REQUIREMENT:
Please repeat only the lines below starting at the line that holds "Full house scene" and ending at the line that holds "Building Photo - 60 Jetta Cir", exactly, with both of those lines included and every picture omitted.

INPUT DATA:
________________________________________
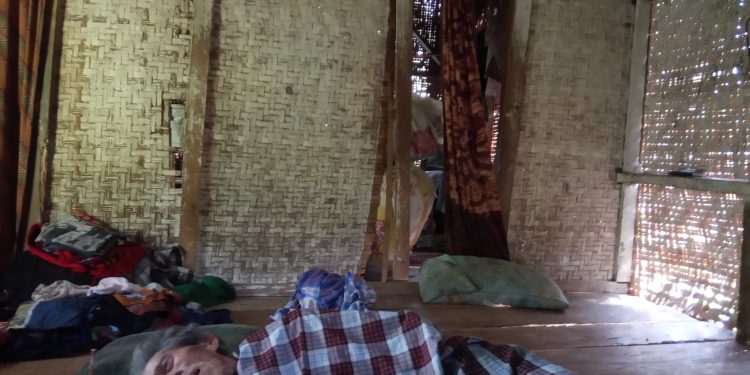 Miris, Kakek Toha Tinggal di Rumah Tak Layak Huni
________________________________________
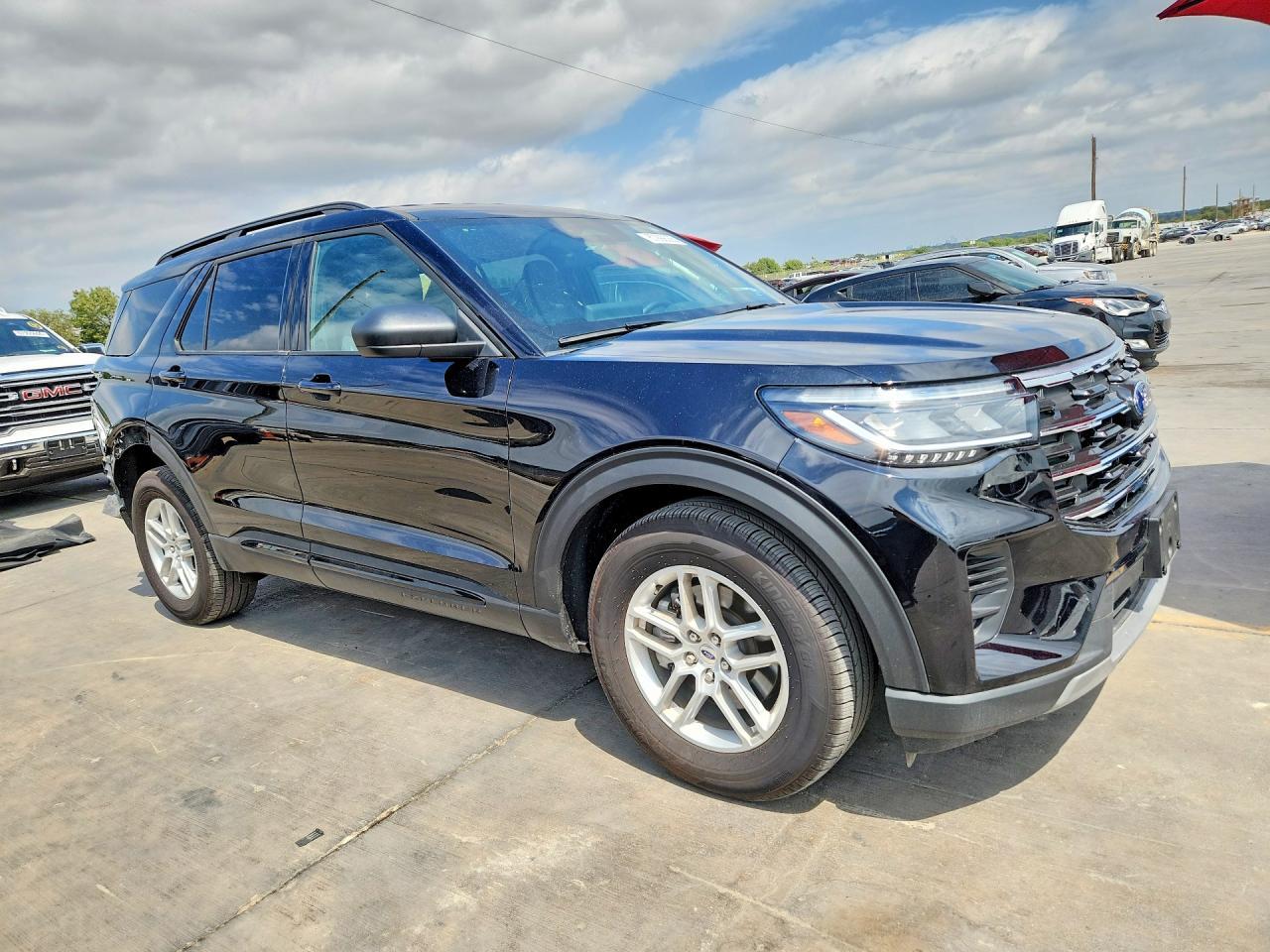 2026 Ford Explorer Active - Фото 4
________________________________________
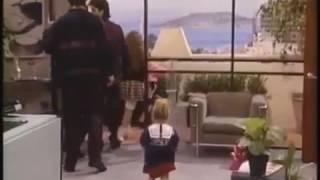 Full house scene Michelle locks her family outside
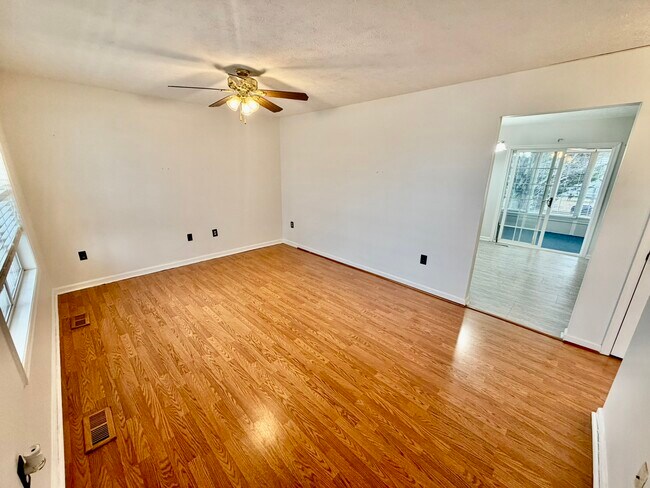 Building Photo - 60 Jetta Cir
________________________________________
EXERCISE SOLUTION:
 Full house scene Michelle locks her family outside
 Building Photo - 60 Jetta Cir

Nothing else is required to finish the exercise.